• _WHAT IS BEING ASKED_
Output only the lines below from the one holding "The Process of" down to the one holding "Hosta Seeds for", both end lines included and every picture dropped.

• _SUPPLIED DATA_

..........

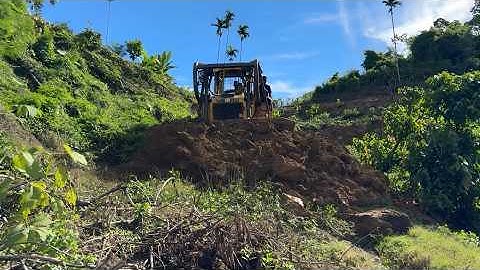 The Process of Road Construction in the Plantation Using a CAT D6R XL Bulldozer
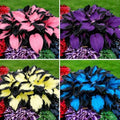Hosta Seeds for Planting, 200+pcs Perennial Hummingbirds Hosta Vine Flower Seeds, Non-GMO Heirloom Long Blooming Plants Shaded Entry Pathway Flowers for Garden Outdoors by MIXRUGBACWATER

..........

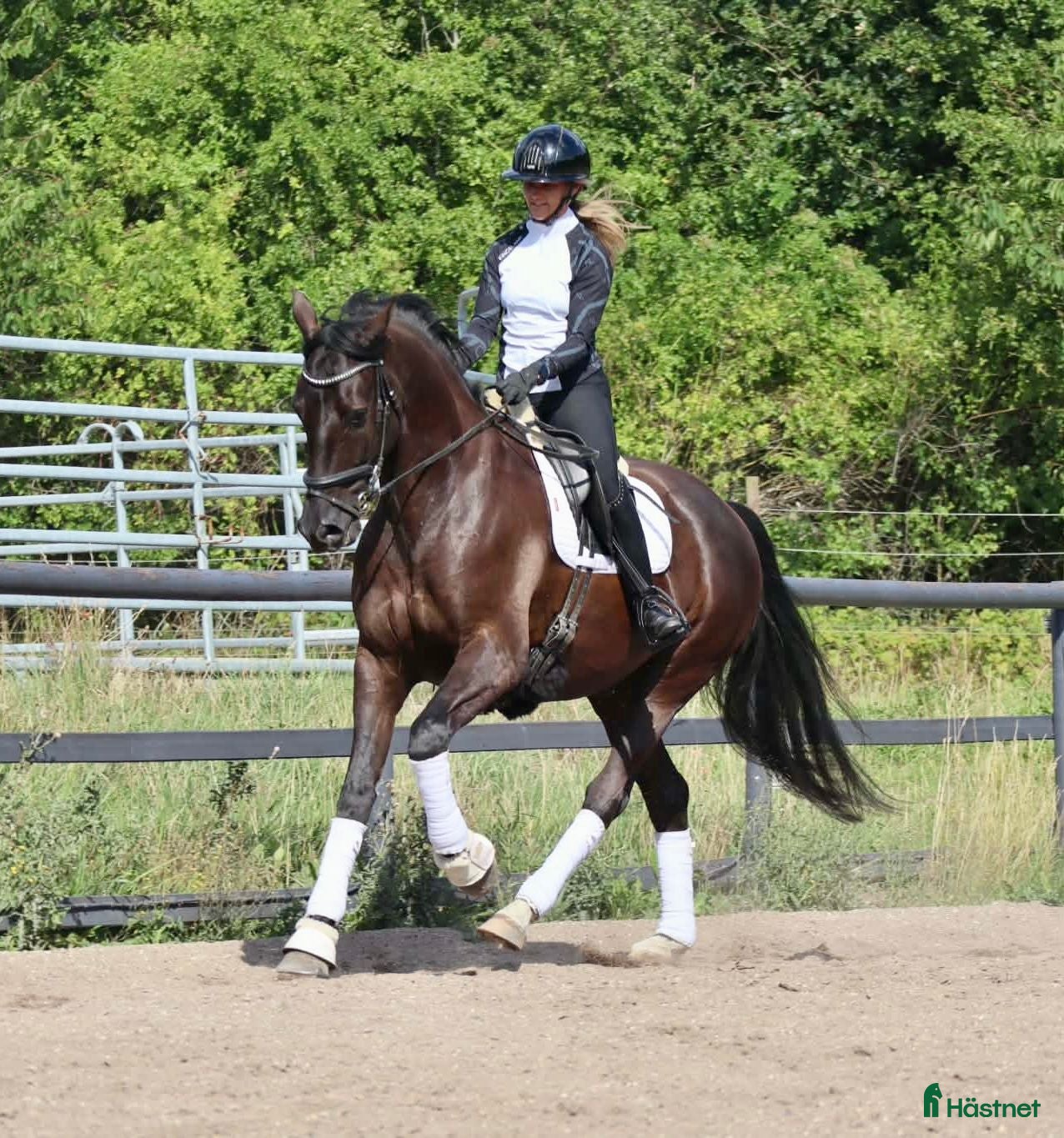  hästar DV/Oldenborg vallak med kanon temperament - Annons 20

..........

• _ANSWER TO THIS PROBLEM_
 The Process of Road Construction in the Plantation Using a CAT D6R XL Bulldozer
Hosta Seeds for Planting, 200+pcs Perennial Hummingbirds Hosta Vine Flower Seeds, Non-GMO Heirloom Long Blooming Plants Shaded Entry Pathway Flowers for Garden Outdoors by MIXRUGBACWATER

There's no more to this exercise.